Opening up Military Innovation: An Evaluation of Reforms to the U.S. Air Force SBIR Program
SeriesResearch on Monday
Speaker(s)John van Reenen (London School of Economics, United Kingdom)
Date and time
March 22, 2021
12:00 - 13:00
When investing in research and development (R&D), institutions must decide whether to take a top-down approach – soliciting a particular technology – or a bottom-up approach in which innovators suggest ideas. This paper examines a reform to the U.S. Air Force Small Business Innovation Research (SBIR) program that transitioned from “Conventional topics,” which solicit highly specific technologies in a top-down approach, to “Open topics,” which invite firms to suggest any new technology that may be useful to the Air Force. We document that the U.S. defense industrial base has become less innovative and more concentrated in recent decades, and the Open program seeks to address these kind of challenges . We show that the Open program attracts new entrants (e.g. younger firms and those without previous defense SBIR awards). In a regression discontinuity design that offers the first causal evaluation of a defense R&D program, we show that winning an Open award increases future venture capital investment, non-SBIR defense contracting (an indicator of successful technology development), and patenting. Conventional awards have no effects on these outcomes but do increase the chances of future defense SBIR contracts, fostering incumbency.
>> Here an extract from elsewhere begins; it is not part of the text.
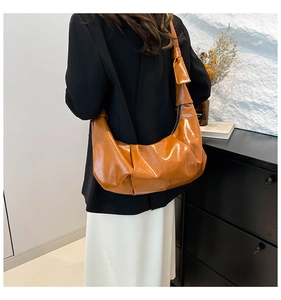 Detail of soft pleated texture on brown leather cloud shoulder bag with wide strap
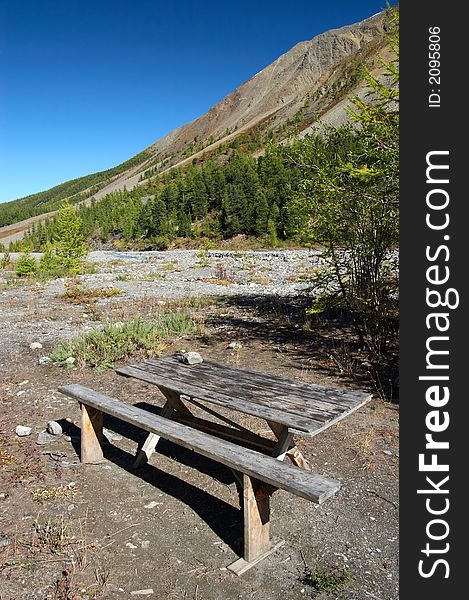 Bench, table and mountainside. Altay. Russia.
We find that Open's success is partly due to attracting firms with larger treatment effects (e.g. new entrants) and partly to the bottom up nature of the program itself (exploiting machine-learning text analysis of SBIR application). Our results suggest that government (and perhaps private sector) innovation could benefit from more bottom-up, decentralized approaches that reduce barriers to entry, minimize lock-in advantages for incumbents, and attract a wider range of new entrants.